Please participate...

https://www.surveymonkey.com/s/XPT5N35

Thank you very Large...


----------



## Trey9007 (Nov 20, 2013)

I participated

1. Y
2. Y
3. N


----------



## thanohano44 (Aug 5, 2012)

Aaron, you're asking questions as if the industry is made up of employees. You must want to be an employee.


----------



## PropPresPro (Apr 12, 2012)

I gotta agree with Troy
Those are loaded questions, Aaron


----------



## thanohano44 (Aug 5, 2012)

Aaron. It's my opinion that as business owners we would rather handle these issues as we see fit. Not some 3rd party with their own agenda. We became business owners because we wanted to negotiate contracts and be our own bosses. If you cannot handle a dispute with your client , maybe you should not be in business is my opinion. Business is about building relationships with your clients. At when unfavorable situations exist, attempt to work it out. What most people who complain or have issues in this industry fail to realize, if you don't like it. Stop doing it. You all are more than talented enough to do similar tasks for other clients or in other industries. Only an employee thinks that this is all they will ever be. 

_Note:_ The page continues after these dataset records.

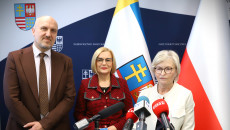 marszałek Renata Janik, wicemarszałek Grzegorz Socha, dyrektor oddziału BGK Anna Gajewska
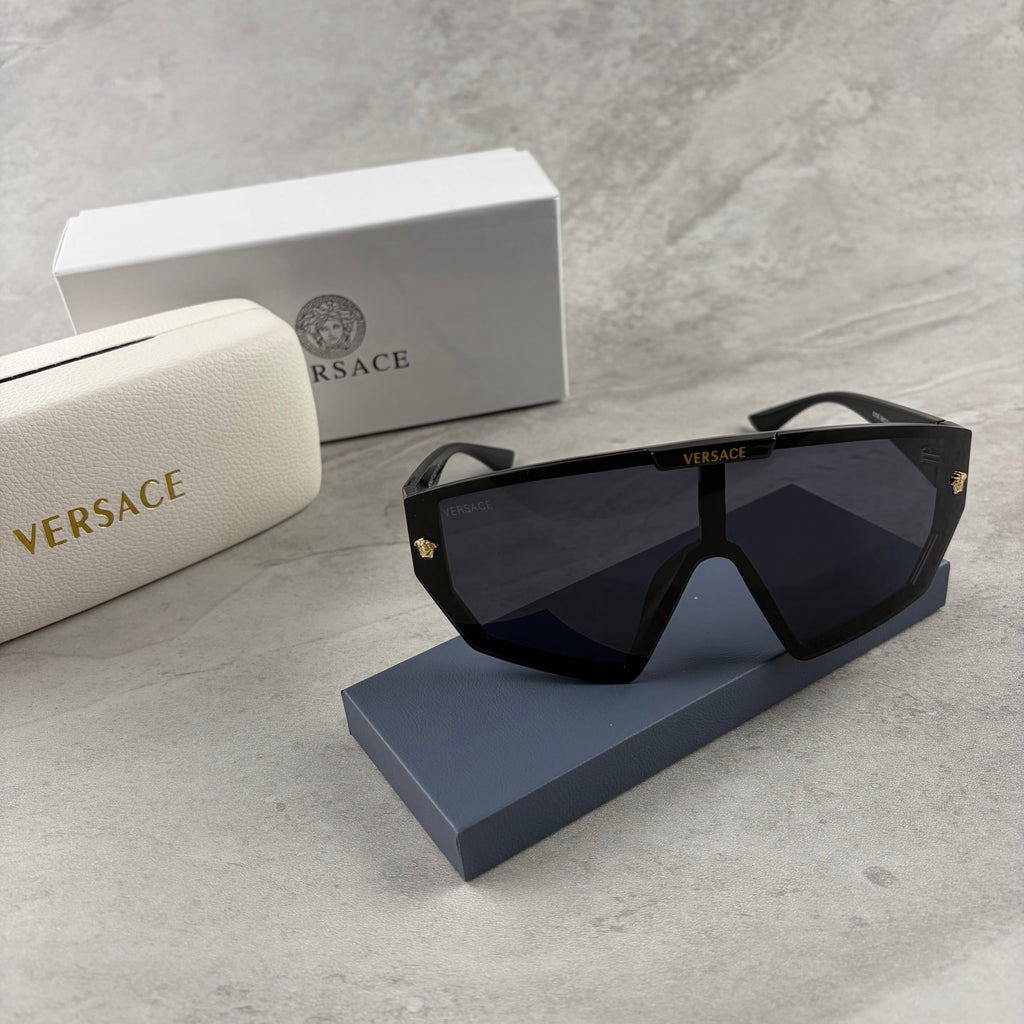 Modern Oversized Shield Sunglasses - Black UV Protection Eyewear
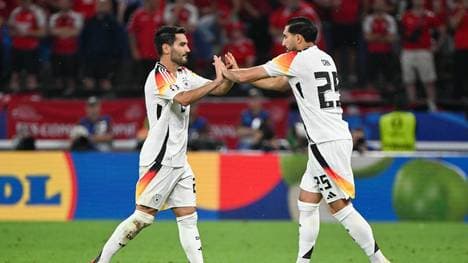 Emre Can (r.) hat muskuläre Probleme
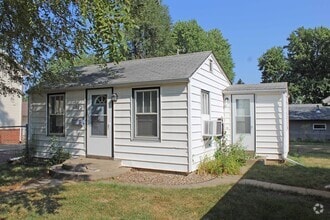 Building Photo - 1-Bedroom, 1-Bath House for Rent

Aaron you have many talents that pay more than PPI is currently paying, why not nurture those talents? We have great examples on this board who have said F--k it. I'm going to take my talents and earn more money with less stress in other fields and get paid quicker. 

If any of you have a problem in Pp, use your mouth and brains to work out a solution with your client. As in life, you win some and you lose some. The more mistakes you make, the more you learn what not to do. 

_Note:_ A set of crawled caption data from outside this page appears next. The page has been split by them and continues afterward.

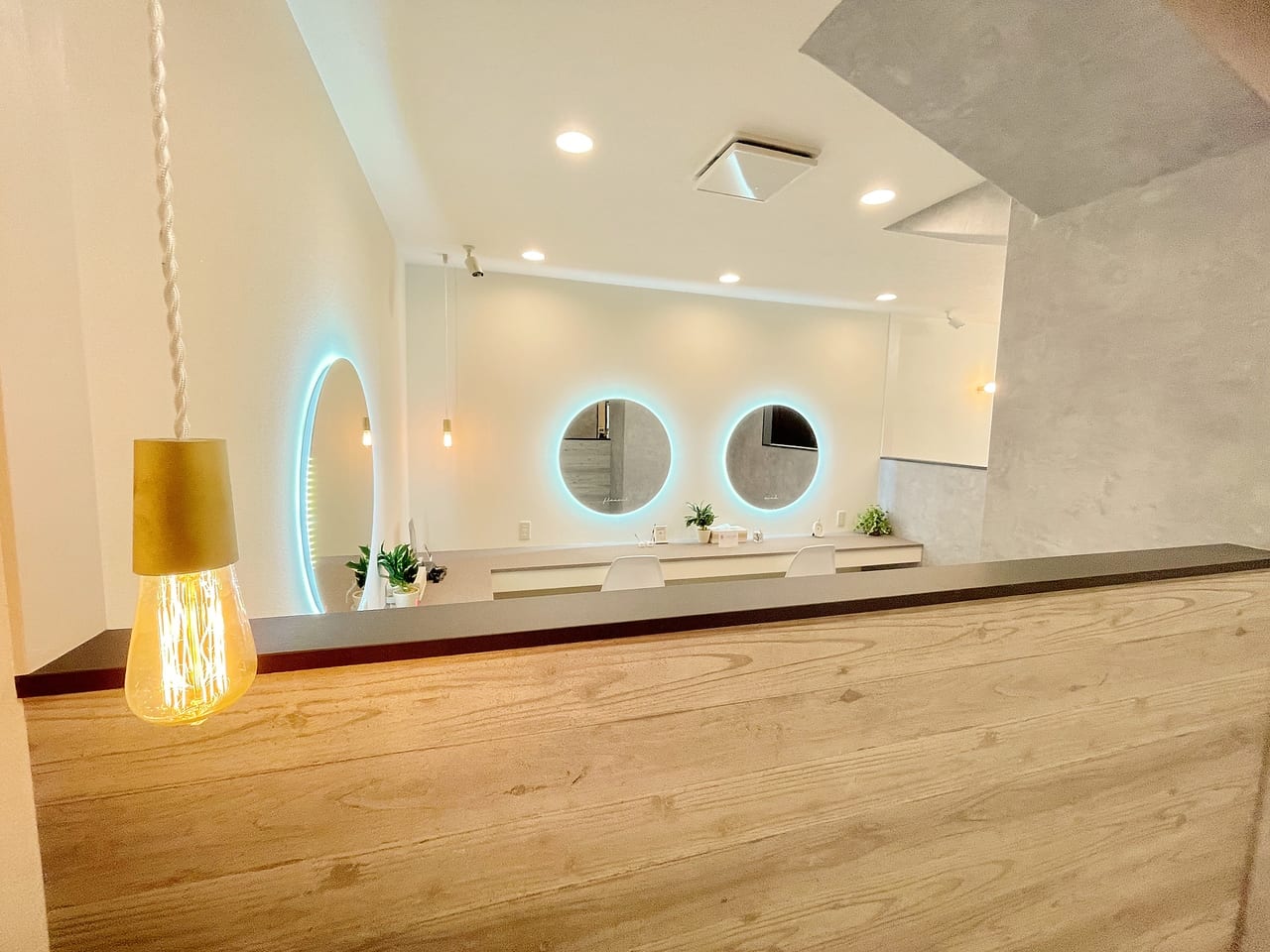 grandeur.takaoka高岳 ―まつげパーマ・マツエク・眉毛―(久屋大通)のメンズ眉毛サロン店内写真 1枚目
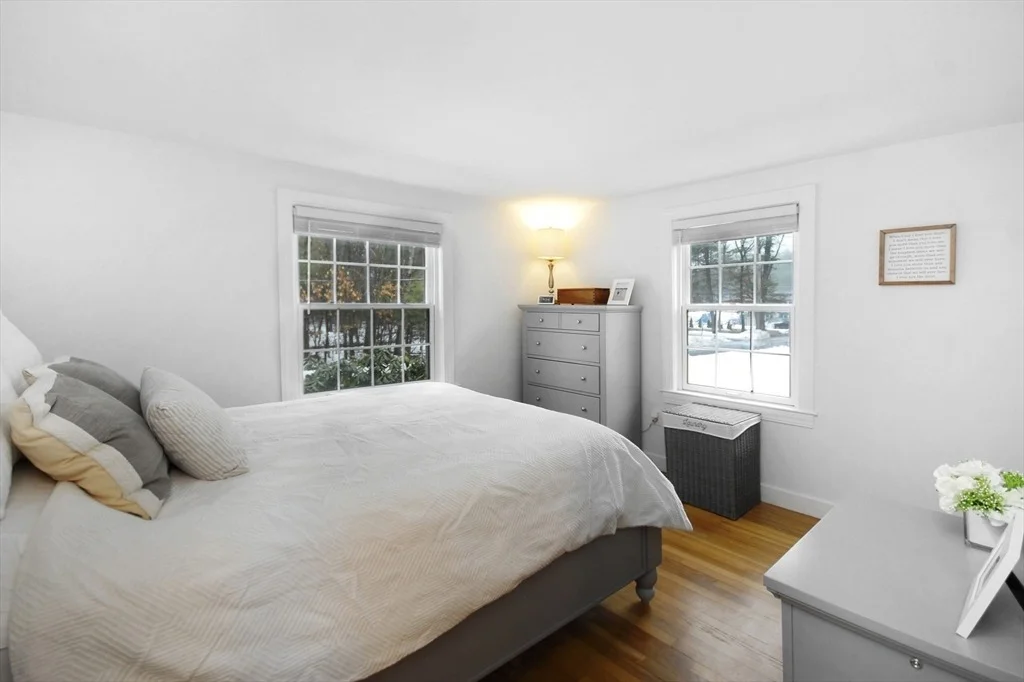Photo of 35 Robbins Rd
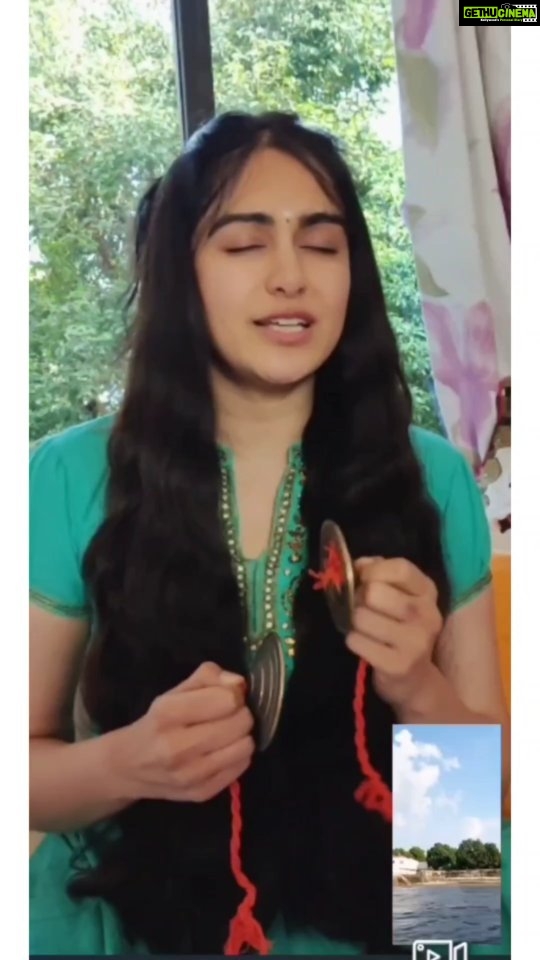 Adah Sharma Instagram - Grateful for WhatsApp calls and telepathy 🙃❤️❤️ #HappyNavratri. ..my Mamma and me haven't met in person in agesssss . . . P.S. maybe a nice video next time of #mahishasuramardini stotram without the call sound lag 🙃 #NoImNotHomeAloneImNeverAloneRememberIssGharMeinKuchHaiThoseWhoKnowKnowAndThoseWhoKnowAndReadTheLongHashtagsDefinitelyKnow🙃🤪 #100YearsOfAdahSharma #adahsharma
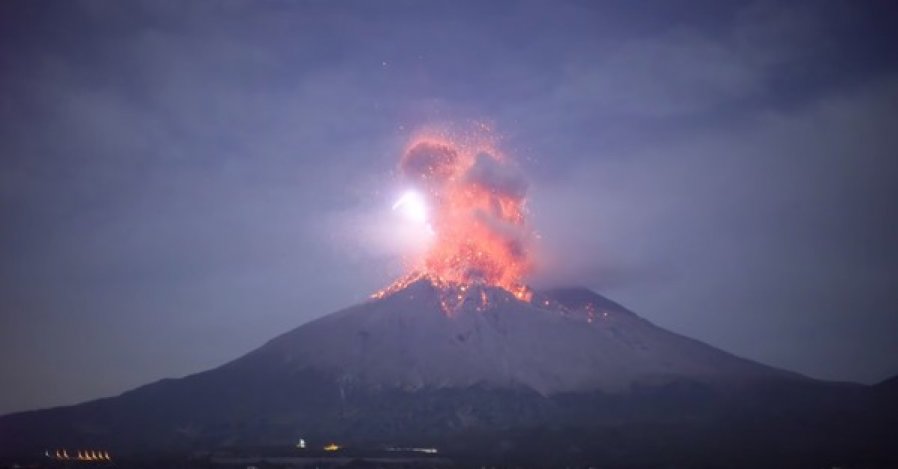 引发 火山雷 现象月夜下日本火山爆发 马来西亚诗华日报新闻网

I wish you well Double A Ron but I don't think the union is the answer. I believe stronger, educated and trained business owners is what's needed. I believe 90% of the people in this industry shouldn't be in it. That's the problem.


----------



## Craigslist Hack (Jun 14, 2012)

I answered no to every question. Was this a study to gauge interest so someone could start yet another company to suck money from contractors?

A third party resolution would eventually evolve into a program that only accepts disputes they can easily win. They third party would have to take a percentage or charge a fee in order to exist. 

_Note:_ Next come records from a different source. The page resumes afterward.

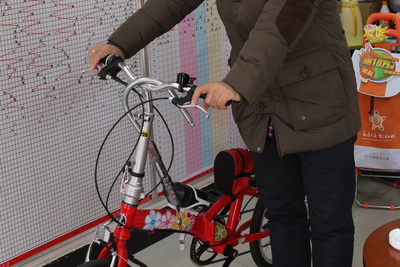 心想事成，南京彩民收获”四季来财“自行车.jpg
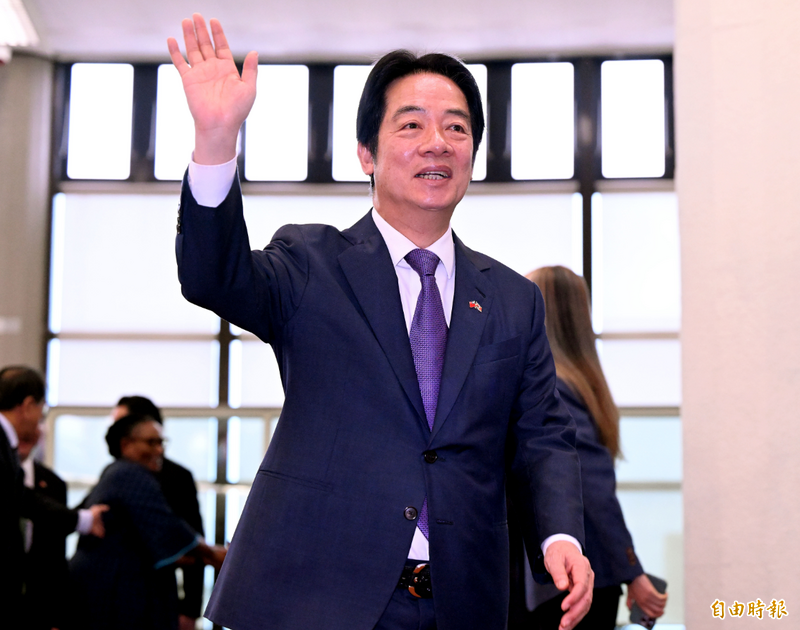 總統賴清德5日搭乘史瓦帝尼國王專機返抵台灣。(記者朱沛雄攝) 總統賴清德5日搭乘史瓦帝尼國王專機返抵台灣。(記者朱沛雄攝)
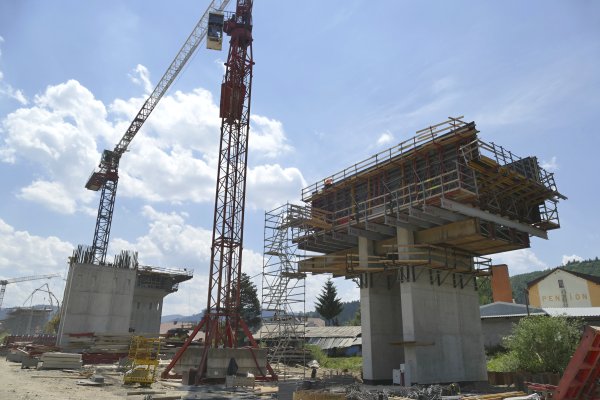 Ekonomický newsfilter: Kysucká diaľnica je naozaj zrelá na výstavbu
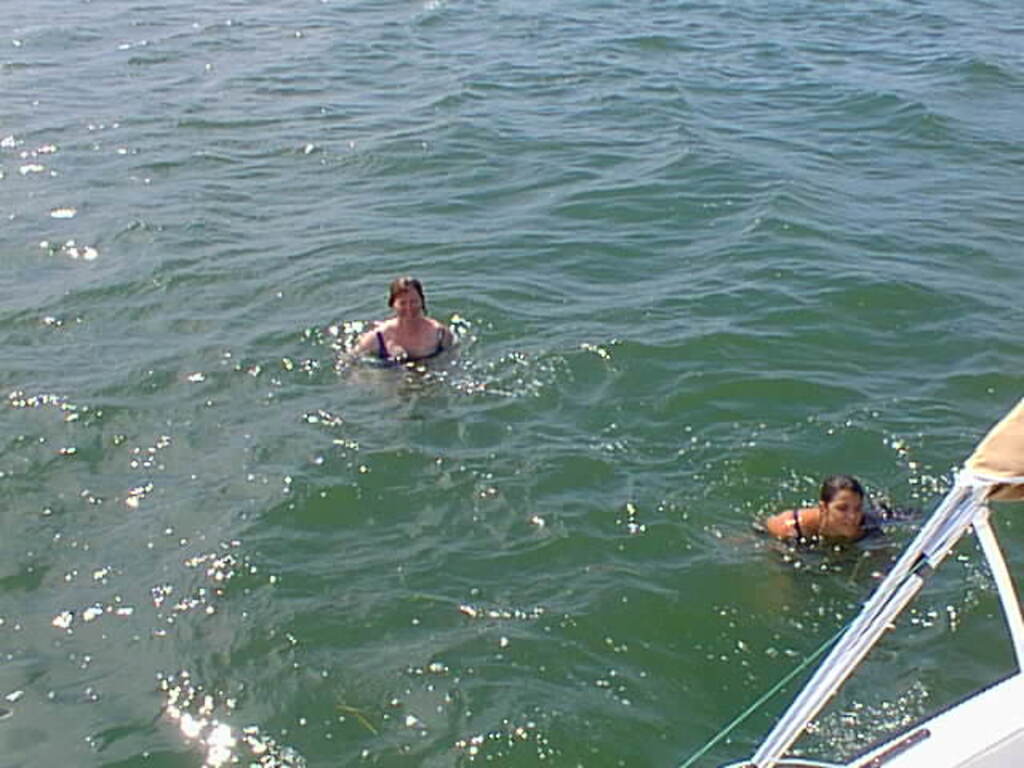 No description provided for: /2001/07-09/0729-sailing/_1/photo15.html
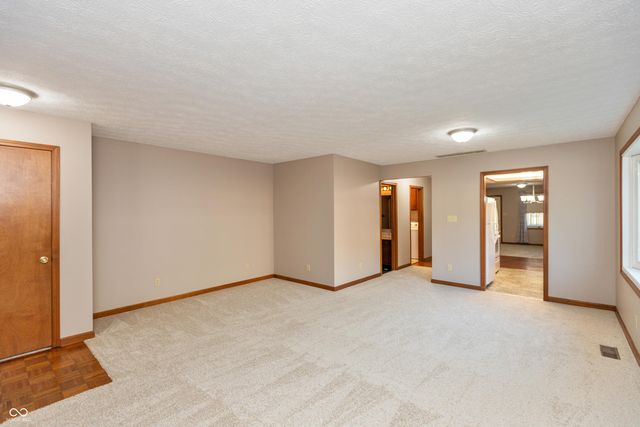 315 E College Avenue 20, Brownsburg, IN 46112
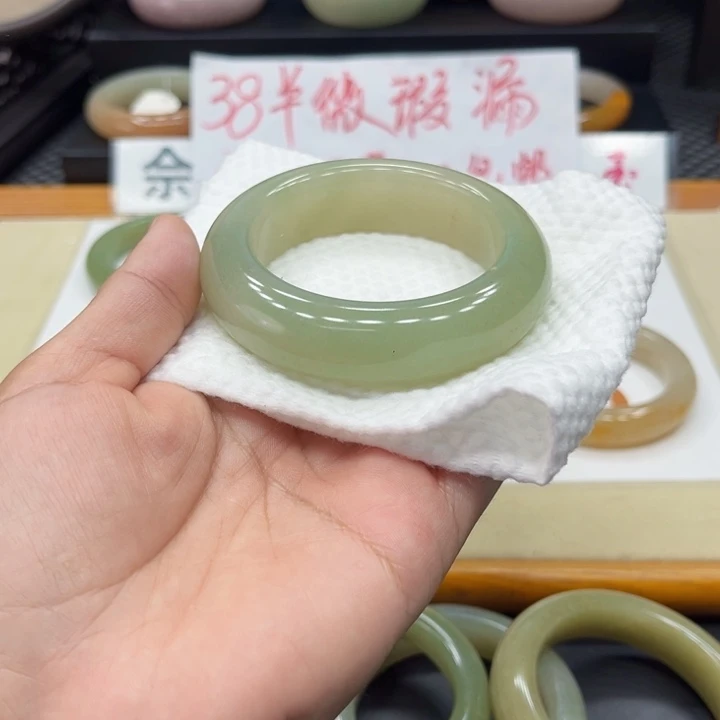 未镶嵌手镯石英质玉?**蓉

I have an attorney that already does this. 

The industry does need access to attorneys that are versed in our business and familiar with how things work. 

After being around this website for a while and having guys PM me questions all the time I have learned that most of them are their own worst enemies. When there are a dozen threads complaining about Five Brother don't sign up with them or worse some regional that works for them.


----------



## thanohano44 (Aug 5, 2012)

Solidarity forever!!!


----------



## Coos-NH (Oct 17, 2012)

Craigslist Hack said:


> After being around this website for a while and having guys PM me questions all the time I have learned that most of them are their own worst enemies. When there are a dozen threads complaining about Five Brother don't sign up with them or worse some regional that works for them.


Sad, but true. No amount of warnings seem to be sufficient as some seem to be under the impression that it will never happen to them. I've witnessed companies being demonized for non-payment issues and yet when they post for vendors, people flock to them like lemmings. :glare:
It can be a hard lesson to learn...


----------



## hammerhead (Apr 26, 2012)

no
no
no


----------



## Cleanupman (Nov 23, 2012)

Every industry has a conflict resolution system. This is an industry and a business.
Survey's...This is for information on how many feel...Information to generate Industry White Papers and Position Papers.
While I agree to what is being said...I highly question the fact that everyone has a solution and nobody is willing to stand up in solidarity.

Why don't I leave the industry...a couple of pricks have pissed me off...got a problem with that??? If so...
Then you shouldn't practice crappy business ethics and practices. You shouldn't treat me as some stepchild in the corner when I question your business ethics. You should not be a subber stealing from other BOTG's. 
I don't speak fabrications of incidents. I bring to light issues that others cower in fear over as they are too afraid to open their mouth fear they wake up with no more work...that is an employee, not a business...and everyone making the argument knows exactly what I speak of.
Some of you have issue with my past, however, none of you can say I speak untruths about the issues in this industry...perhaps slant questions in surveys a touch I'll give you that. However, I do not call into question the companies or people that are respectable only the 5% that screw people over on a daily basis...perhaps this is my redemption???
Not for me to decide. 
But I do not speak untruths when it comes to what is going on in this industry...
It is crooked, manipulative, and companies and the membership of NAMFS that have pyramided the PPI routinely steal monies from hard working good people on a daily basis.
Yet only maybe 1-2% of the good contractors will place a comment on an article about a bad contractor of a company conducting themselves with unscrupulous behaviors. Why won't business stick up for themselves?? Perhaps they don't know how to do so, not really sure.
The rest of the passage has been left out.